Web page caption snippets

=== Begin Enclosure ===

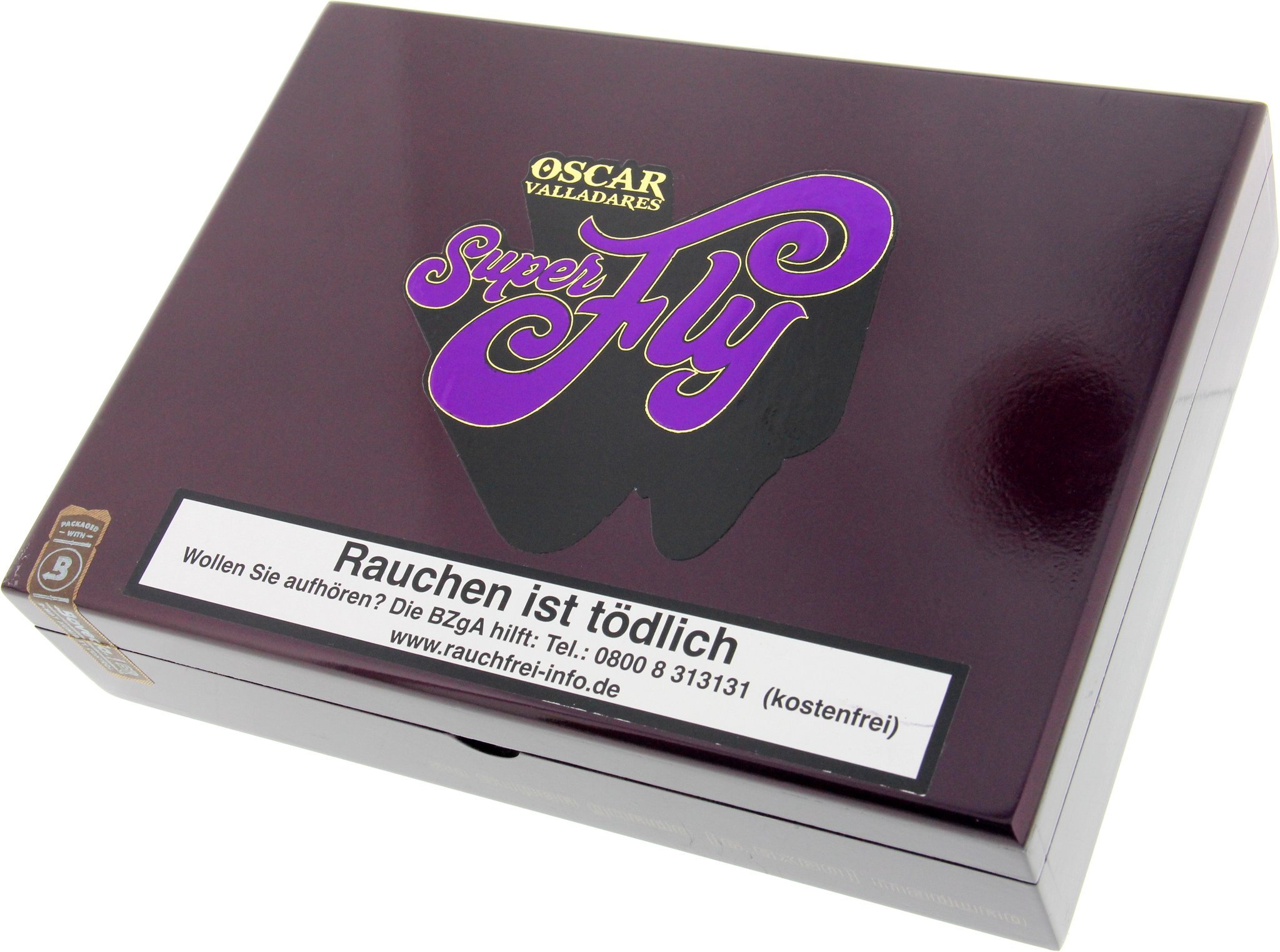 Oscar Valladares Super Fly Maduro Gordo Kiste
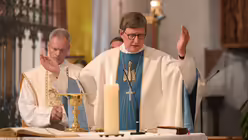 Eröffnung der Gute-Rats-Oktav in Bedburg mit Kardinal Woelki / © Beatrice Tomasetti (DR)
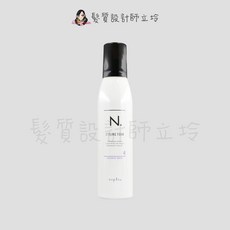 Napla 娜普菈 全效果實蠟 SC 束感造型乳 水潤泡沫慕斯 定妝造型霧, 1個, 彈力泡沫慕斯200g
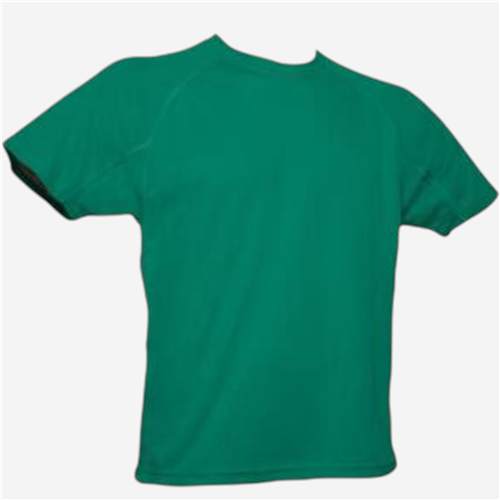 Tee shirt manches courtes homme Acqua Royal - Respirant Vert Sapin 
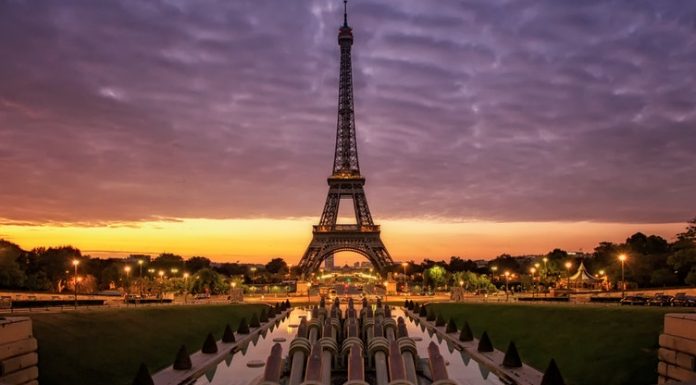 paris - romantic getaway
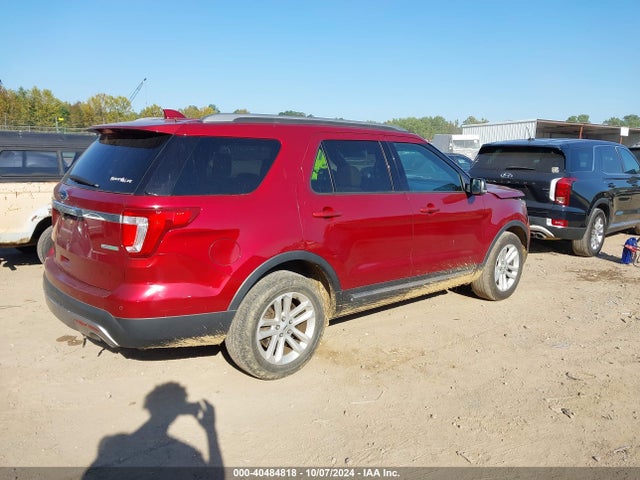 Ford EXPLORER XLT 2017 1FM5K7DH5HGA66664 Image 4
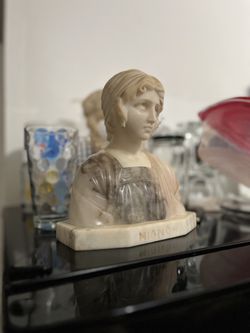Marble And Alabaster Sculpture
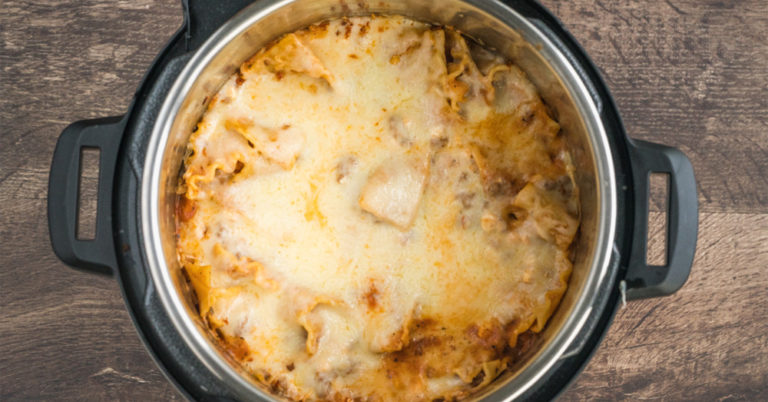 Instant Pot Lazy Lasagna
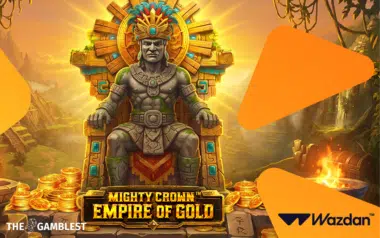 Wazdan crowns slot portfolio with launch of Mighty Crown™: Empire of Gold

=== End Enclosure ===

Task objective: Make an exact copy of all entries above, dropping the images.

Your solution:
 Oscar Valladares Super Fly Maduro Gordo Kiste
 Eröffnung der Gute-Rats-Oktav in Bedburg mit Kardinal Woelki / © Beatrice Tomasetti (DR)
 Napla 娜普菈 全效果實蠟 SC 束感造型乳 水潤泡沫慕斯 定妝造型霧, 1個, 彈力泡沫慕斯200g
 Tee shirt manches courtes homme Acqua Royal - Respirant Vert Sapin 
 paris - romantic getaway
 Ford EXPLORER XLT 2017 1FM5K7DH5HGA66664 Image 4
Marble And Alabaster Sculpture
 Instant Pot Lazy Lasagna
 Wazdan crowns slot portfolio with launch of Mighty Crown™: Empire of Gold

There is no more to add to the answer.